# IMO Result Insights with Apache Spark

The goal of this project is to get some insights or information of the all time results of International Mathematics Olympiad (IMO) from some favorite countries (in this case I choose 15, they are: Australia, Bulgaria, Canada, China, Germany, Hungary, India, Indonesia, Iran, Japan, Korea, Romania, Russia, Thailand, United States) by doing some queries using PySpark, the Apache Spark API for Python. Firstly I will do some web scrape task to get data from the official website of IMO, and then store them as Spark dataframe.

This project is also aimed to showcase my familiarity in using data processing tool, in this case PySpark in order to solve some analytical and data engineering problems.


In [1]:
#Import some libraries needed for web scrapping (Beautifulsoup) and PySpark

from bs4 import BeautifulSoup
from urllib.request import urlopen, Request
import requests
from pyspark.sql import SparkSession
from pyspark.sql.types import *
from pyspark.sql.functions import *
import os
import sys

os.environ['PYSPARK_PYTHON'] = sys.executable
os.environ['PYSPARK_DRIVER_PYTHON'] = sys.executable

header = {
    'User-Agent':'Mozilla/5.0 (Windows NT 10.0/; Win64; x64) AppleWebKit/537.36 (KHTML, like Gecko) Chrome/113.0.0.0 Safari/537.36'
}


In [3]:
# Iniate a spark session

spark = SparkSession.builder\
            .appName('IMO_Spark')\
            .master('local')\
            .config('spark.driver.memory', '5G')\
            .getOrCreate()

In [4]:
spark

In [5]:
#Web scraping part, here the tuple of data is appended into an empty list 'contestants'
#as you can see we only care with IMO results data from these 15 countries, due to a long time needed to send request to the webpage
#The 'contestants' list later is going to be rows of spark dataframe

contestants = []
#'THA', 'IRN', 'GER', 'AUS', 'POL'
negara = ['AUS', 'BGR', 'CAN', 'CHN', 'GER', 'USA', 'JPN', 'KOR', 'ROU', 'IRN', 'IDN', 'RUS', 'HUN', 'IND', 'THA']

for c in negara:
    imo_link = f'https://www.imo-official.org/country_individual_r.aspx?code={c}'
    req_imo = requests.get(imo_link)
    print(c, 'REQUEST STATUS:', req_imo.status_code, imo_link, end=' ')

    soup = BeautifulSoup(req_imo.text)


    country_details = soup.find('h2').find_all('a')[1]
    country = country_details.getText()
    country_code = country_details['href'][-3:]

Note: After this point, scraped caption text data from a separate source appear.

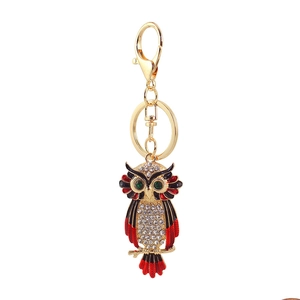 Detail of owl keychain with colorful rhinestones, gold plating and lobster clasp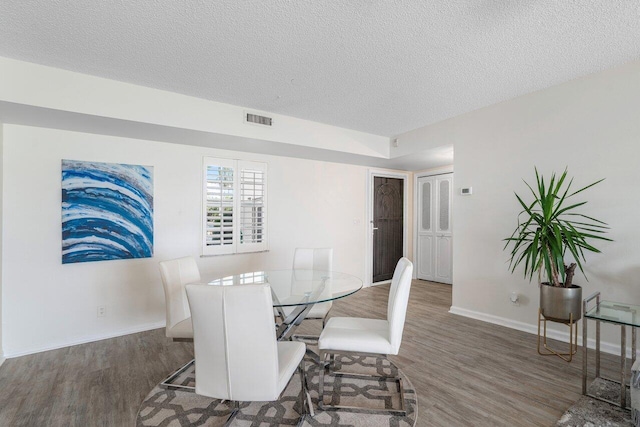 dining room with dark hardwood / wood-style flooring and a textured ceiling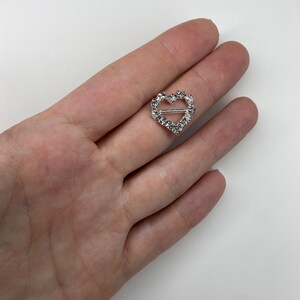 May include: A silver heart-shaped buckle with clear rhinestones.
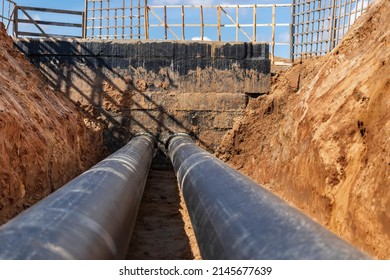 Laying Of Underground Pipes In Concrete Chamber. Installation Of Water Main At The Construction Site. Construction Of Stormwater Pits, Sewerage Valve, Sanitary System And Pump Station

    tabel = soup.find('table').find('tbody').find_all('tr')
    for i in range(len(tabel)):
        #id_contestant = tabel[i].find_all('td')[1].find('a')['href'].split('=')[-1]
        name = tabel[i].find_all('td')[1].getText()
        year_participation = int(tabel[i].find_all('td')[0].getText())
        try:
            points = [int(tabel[i].find_all('td')[j].getText()) for j in range(2, 8)]
        except ValueError:
            points = [None for j in range(6)]
        total_points = int(tabel[i].find_all('td')[9].getText())
        abs_rank = int(tabel[i].find_all('td')[10].getText())
        rel_rank = float(tabel[i].find_all('td')[11].getText()[:-1])
        prize =  tabel[i].find_all('td')[12].getText()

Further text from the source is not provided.